DEVON Exford Wesleyan Methodist chapel
DEVON Exford Wesleyan Methodist chapel Sorry it’s not in colour

Exford Wesleyan Methodist chapel (now converted to private use) featured two stained glass windows of brilliant winged angels, holding string instruments and arrayed in scarlet gowns and orange stoles. The windows were made in William Morris’ workshop in 1880 to designs by Edward Burne-Jones and placed in Marylebone chapel. Years later they were acquired by the composer Cyril Scott, who lived in Exford during the Second World War, and he presented them to the chapel in memory of two close friends – Holland-Scott, Professor at Durham School who died at Lynmouth, and Bertram Binyon, the singer (brother of the poet Laurence Binyon), who is buried at Dulverton. A Porlock builder installed the windows.

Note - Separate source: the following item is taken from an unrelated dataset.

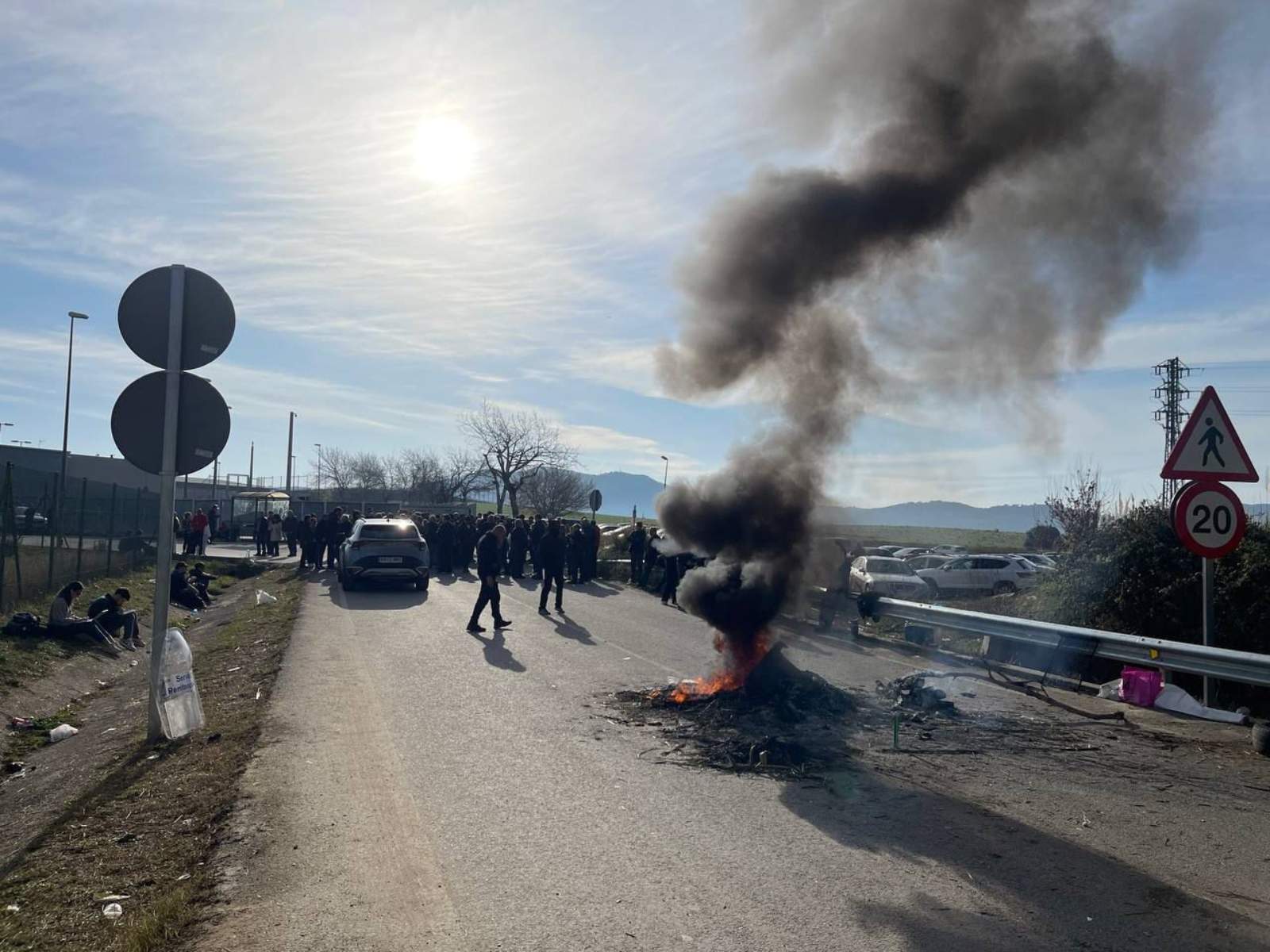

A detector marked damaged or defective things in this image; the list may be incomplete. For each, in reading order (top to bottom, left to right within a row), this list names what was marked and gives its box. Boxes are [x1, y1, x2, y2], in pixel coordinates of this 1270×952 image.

In 1967 a small black board was fixed to the outside of the chapel stating THIS CHAPEL CONTAINS TWO BURNE-JONES WINDOWS. Sir Edward Coley Burne-Jones was a 19th Century pre-Raphaelite. The windows were seven feet tall and completely dominated the little chapel. They were donated by Cyril Scott, a wealthy composer of music who lived in Exford during the Second World War and now lived in Eastbourne in his old age. The windows commemorated his two friends, Mr T Holland Smith and Mr Bertram Binyon, neither of whom was known locally. They were mounted in Ham Hill stone frames. The chapel also contained two large engravings from paintings by Herbert Schmalz dated 1891, named “The Return from Calvary” and “The Resurrection Morn”. The ceiling was of white-painted planks and had black iron hooks for oil lamps and there was a tiny Victorian pulpit with gilded cast iron scrolls.